Rust intentionally provides the simplest possible growable string buffer String, which is literally (under the hood, you can't poke this legitimately) Vec<u8> plus the promise that this is UTF-8 text.
But you might find your needs better served by one (or several) of:
Box<str> -- you don't need capacity, so, don't store it => length == capacity
CompactString -- use the entire 24 bytes for SSO, up to 24 bytes of UTF-8 inline, obviously doesn't make sense if all or the vast majority of your strings are 25 bytes or longer
ColdString -- same idea but for 8 bytes, and also not storing capacity, this only makes sense over Box<str> if you have plenty of <= 8 byte strings
Atoms: Each string can be referenced with a single u32 or even u16, and they're inherently deduplicated.
Bump allocator: your strings are &str, allocation is super fast with limited fragmentation.
Single pointer strings (this has a name, I can't think of it right now): you store the length inside the allocation instead of in each reference, so your strings are a single pointer.
Perhaps because this feels like a fairly rust-specific gotcha. Especially if you're coming from languages where there's often not much syntactical distinction made between "this is a pointer because I don't want to be copying it" and "this is a pointer because it's optional."
For instance, it's not until now that I actually understood what the sibling comment about the Enum type size discrepancy lint meant: "This lint obviously cannot take the distribution of variants in your running program into account. It is possible that the smaller variants make up less than 1% of all instances, in which case the overhead is negligible and the boxing is counter-productive. Always measure the change this lint suggests." I had always accidentally read this backwards, thinking it meant something more to the effect of "if most of the instances are actually small, then it's not a problem here, but be aware that some of them are much larger so some of your calls to things with this could end up passing much larger types."
Clippy is essentially a linter; and one of its checks catches cases where different enum variants have a significantly different size; with a suggestion to Box the larger variant.
Since this is just a linter, it doesn't actually have any knowledge of how frequently each variant is actually used. It also doesn't address the situation in the article at all.

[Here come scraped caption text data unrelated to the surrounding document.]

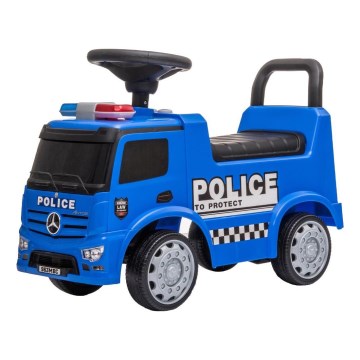 Push bil Mercedes Polisbil blå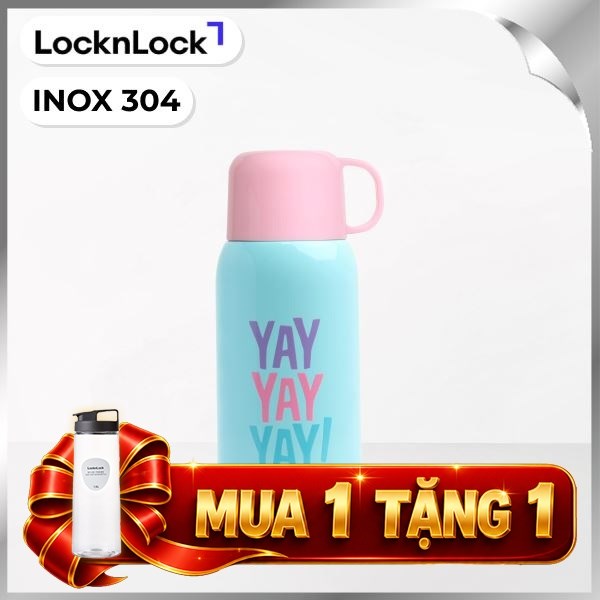 Bình giữ nhiệt Inox 550 ml Lock&Lock LHC1475BLU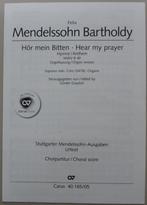 koorpartituur Hör mein Bitten, Mendelssohn, Ophalen of Verzenden, Zo goed als nieuw, Artiest of Componist, Zang
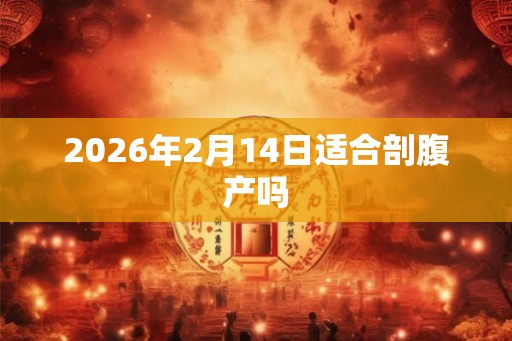 2026年2月14日适合剖腹产吗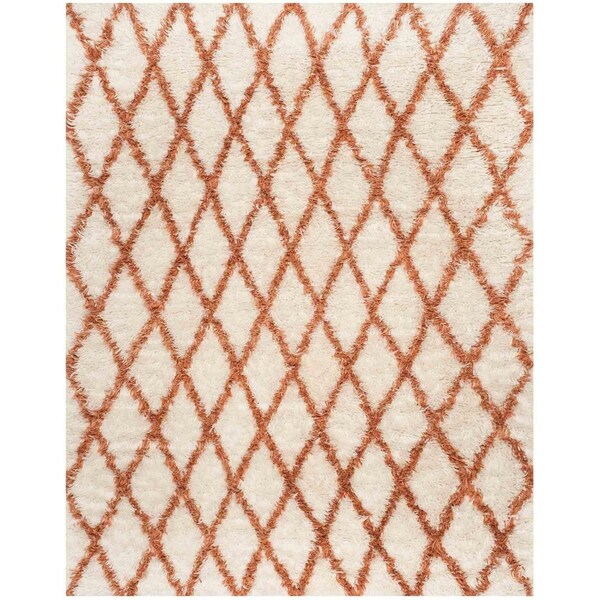 Safavieh Kenya Hand Knotted Rectangle RugIvory & Terracotta 8 x 10 ft. - KNY712B-8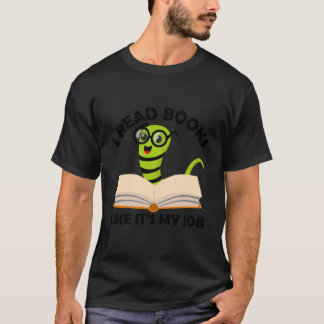 Camiseta Li Livros Como Se Fosse Meu Trabalho Lendo Bibliot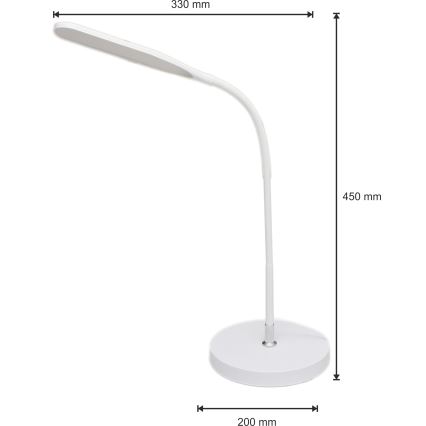 LED Лампа з регулюванням яскравості 3в1 LED/10W/230V 3000/4000/6000K CRI 90 білий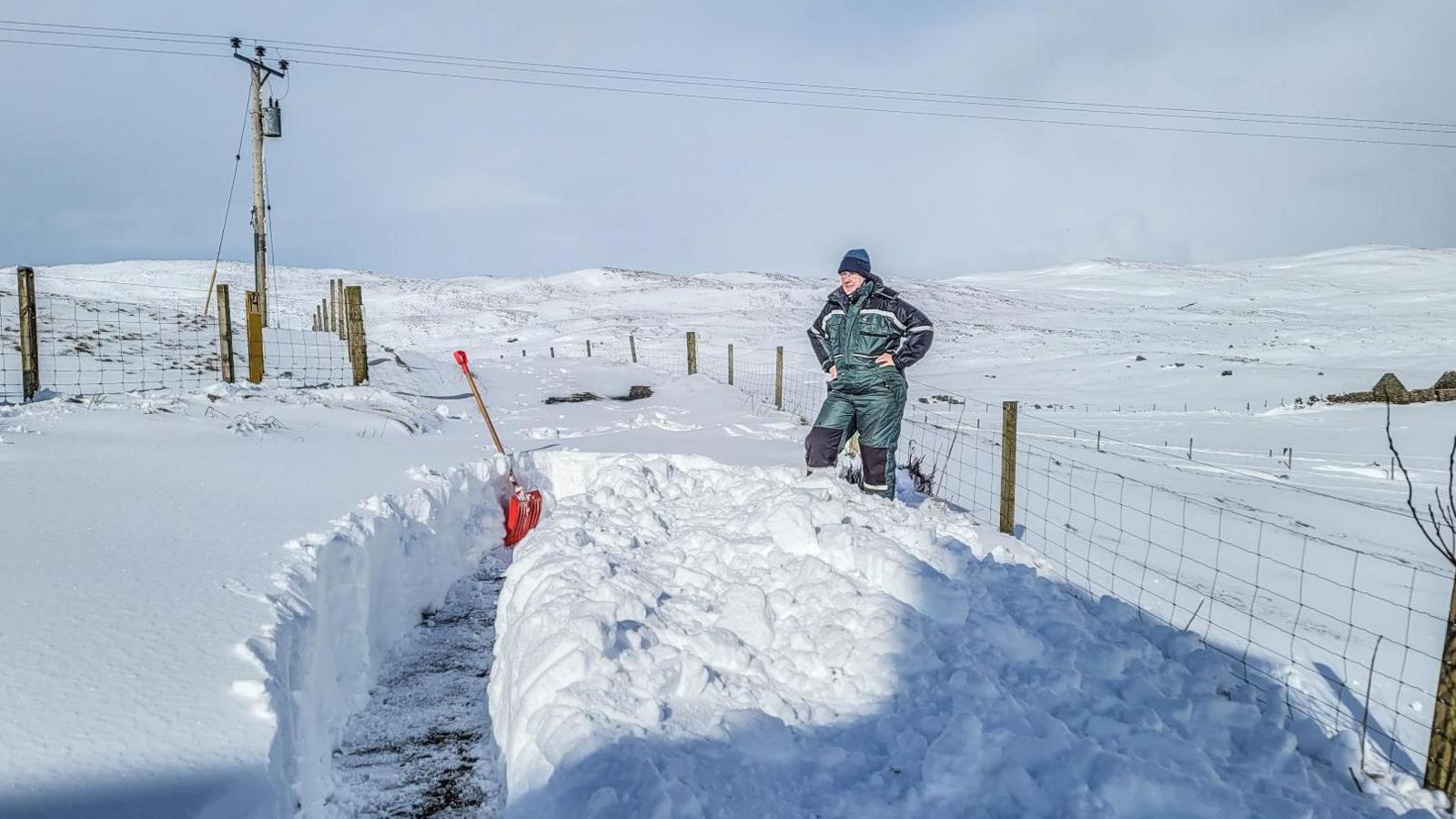 Snow drift in Shetland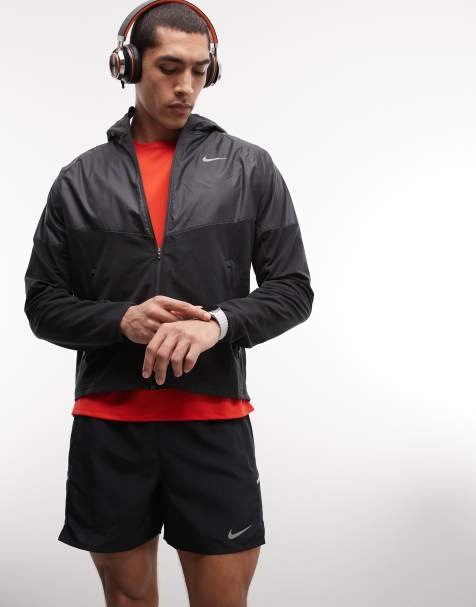 Pantalones cortos de 5" negros con diseño 2 en 1 Dri-FIT Miler de Nike Running - view 1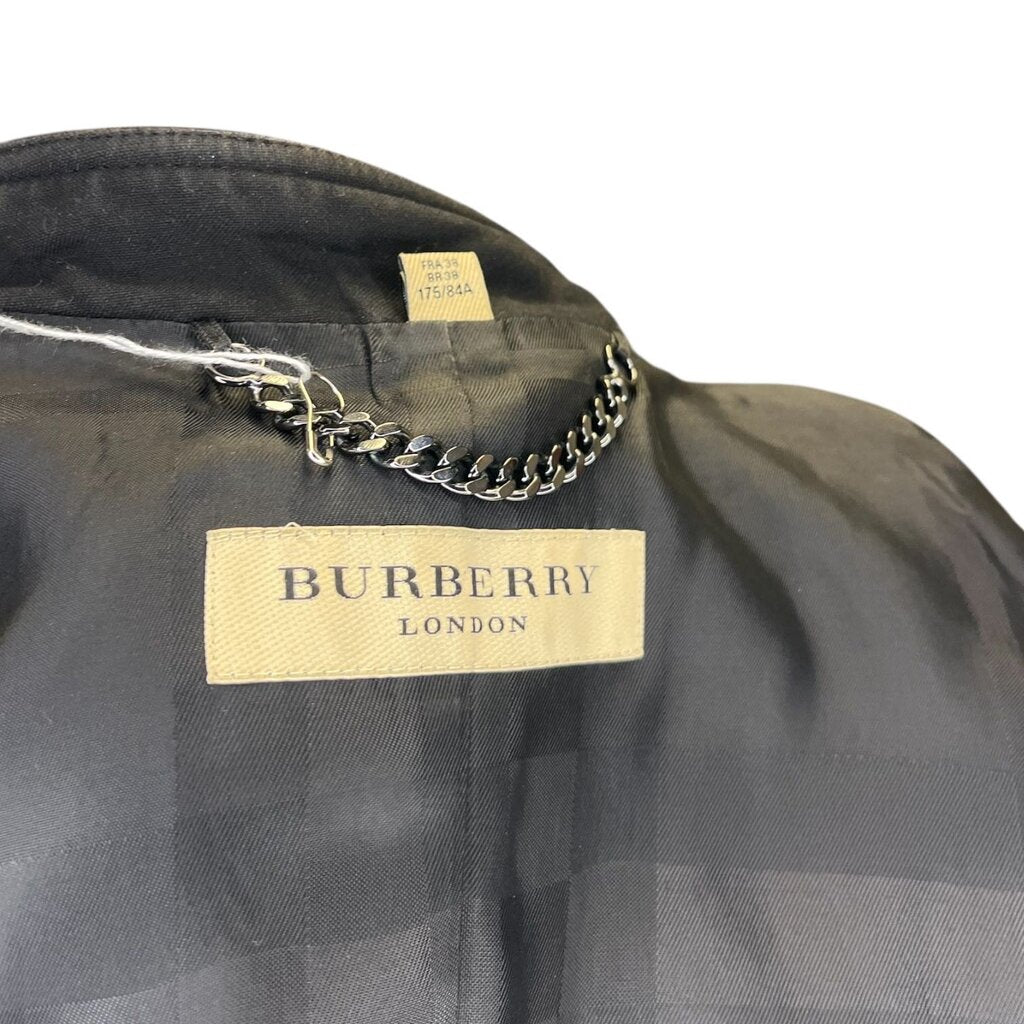 Burberry Knit Zip Front Jacket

It's especially problematic because traits don't have memory behaviors like this article in most cases - by default they're unsized, because it's a description of behavior, not data, and you can't even use them as a struct field without extra work.
Like, replace "trait" in here with "box" and see how confusing it would be to be describing how you saved memory by boxing your box, because option doesn't box like many other languages do.
> a lot of boxes means a fragmented heap. In such case it's not a problem but this might be worth keeping in mind.
A good malloc will be able to handle this without issue due to various optimizations specifically that inherently fight fragmentation. Default Linux malloc (glibc) may have issues but I did say good malloc (and even glibc generally shouldn’t struggle with the pattern described I think).
Without that, if you try to suggest a transformation like this when the schema is first conceived, it will likely be considered premature optimization.